It is not without precedent, the notion that those at the red end of tooth and claw capitalism can come together in mutually-beneficial fashion.

Citigroup, Credit Suisse, Deutsche Bank, Goldman Sachs, Merrill Lynch, Morgan Stanley and UBS, were due to announce one such co-operative venture on Wednesday — a plan to build a joint platform to trade shares in Europe’s biggest companies at the lowest possible cost.

The news was enough to slice 2 per cent off the London Stock Exchange share price as trading commenced; Euronext fell 5 per cent initially, although the severity of the fall also reflected the fact that Deutsche Börse has pulled its offer to merge.

Past examples of brotherly behaviour amongst banks include Swift, the inter-bank funds transfer service, which has served as a back office platform for internecine inter-bank politics for more than 30 years. There’s also Visa, the the banks’ co-operative credit card venture, which has provided another arena for backroom financial wrangling.

More relevant, perhaps, is EBS, the forex trading platform created by a group of money centre banks in the early 1990s. That undermined (but did not overrun) Reuters’ electronic FX dealing service. The service is now owned by Icap, the big money broker, but in its mutual days EBS did provide a clear example that the banks can act together if they think they are being squeezed by outside system suppliers.

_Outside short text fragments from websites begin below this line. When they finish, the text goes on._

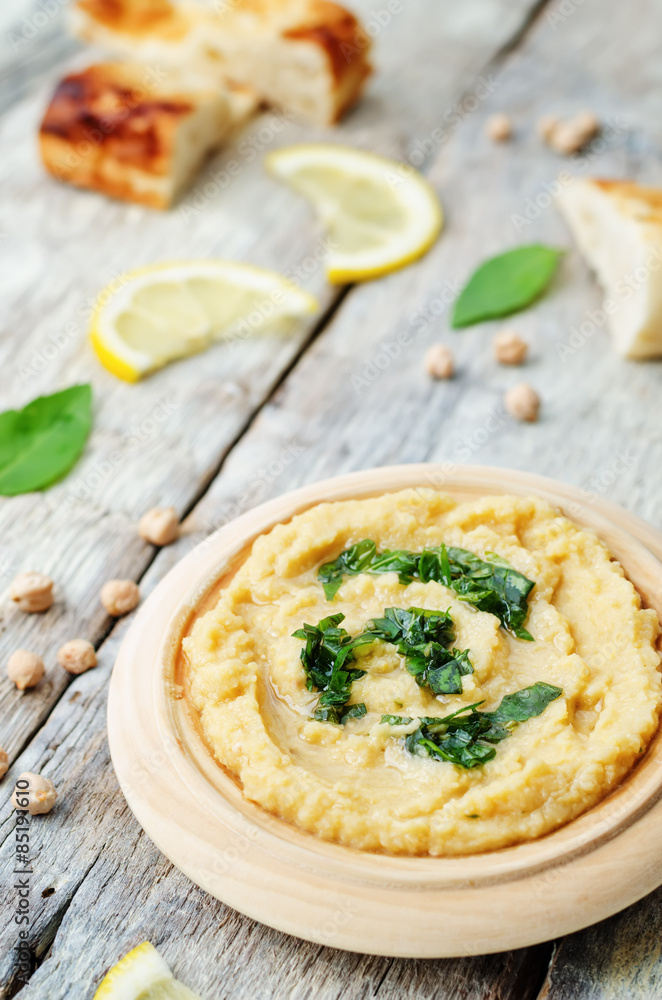 lemon hummus with Basil dressing lemon hummus with Basil dressing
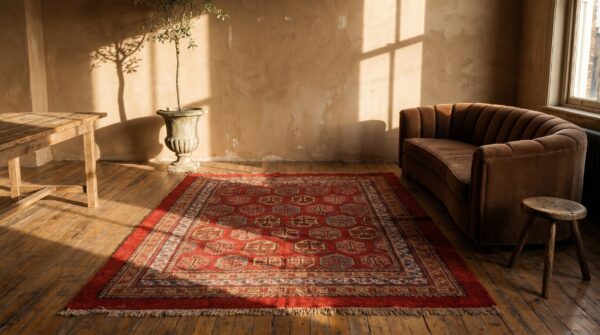 Red antique tribal paisley pattern small scatter size turkish oushak area rug 5 Red antique tribal paisley pattern small scatter size turkish oushak area rug (sku 18871) - room view
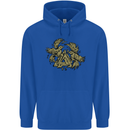 Valknut Symbol With Ravens Vikings Childrens Kids Hoodie Royal Blue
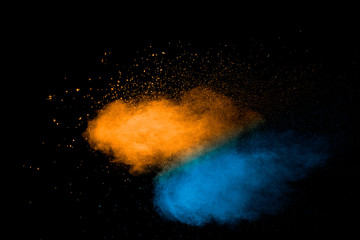 Explosion of multicolored dust on black background. - 278991950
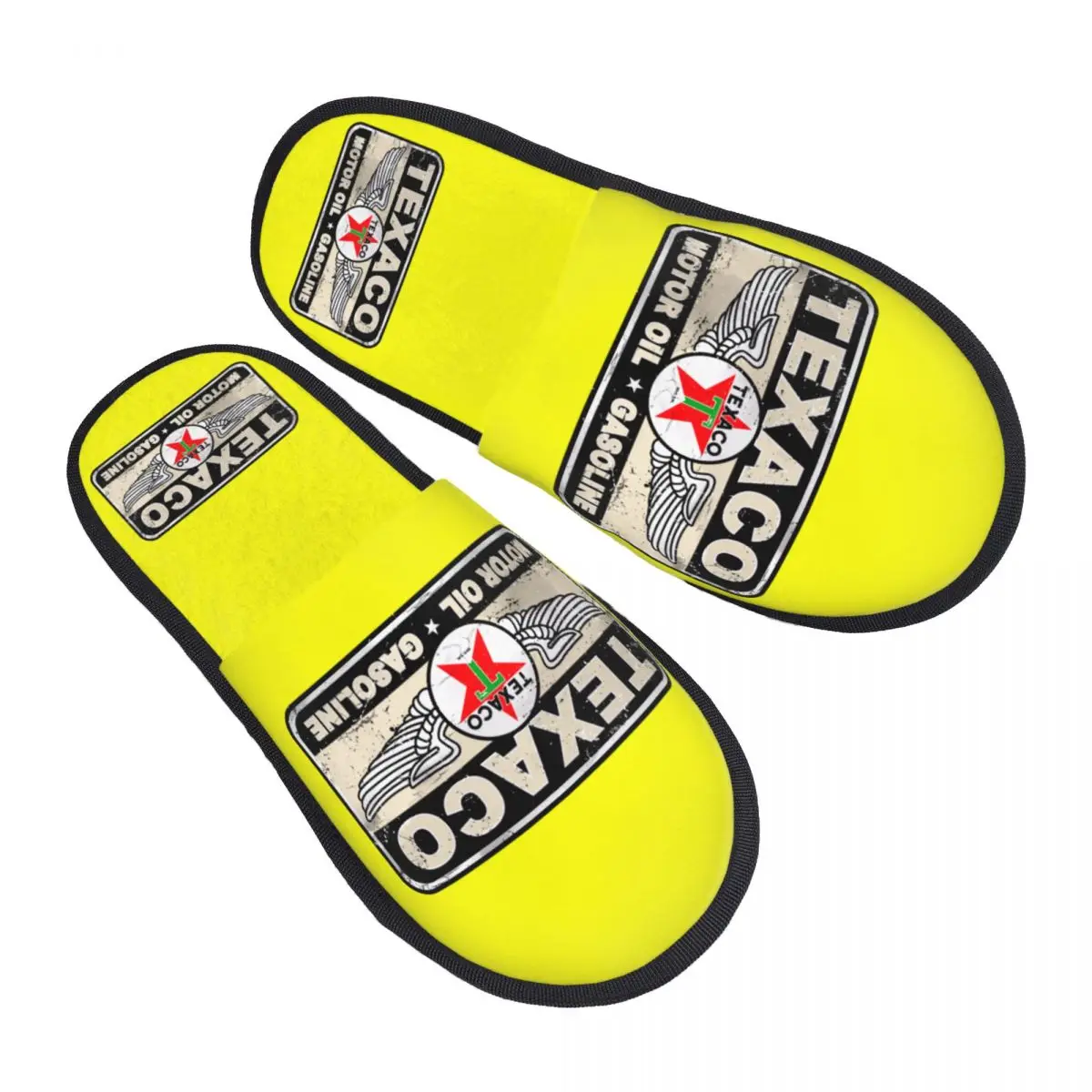

Custom Vintage Texaco Sign Soft Memory Foam House Slippers Women Cozy Warm Anti-skid Sole Slipper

So what are the prospects for a new equities platform that challenges the near-monopolies enjoyed by the LSE in London, Deutsche Börse in Frankfurt and, to a lesser extent, Euronext in European exchange-traded derivatives?

The instant view on Wednesday tended towards a belief that this is organised sabre-rattling rather than a carefully honed attack on two hundred years of exchange history. In fact, the idea of banks making noisy threats to run their own trading show is suddenly all the rage.

Less than a month ago, for example, it emerged that a group of investment banks was looking to create a new derivatives trading platform in the wake of the planned merger of the Chicago Merc and CBOT.

The plan, of course, was to counter the implied hike in pricing power of the Chicago exchanges, but we haven’t heard much more about the banks’ concerted response since.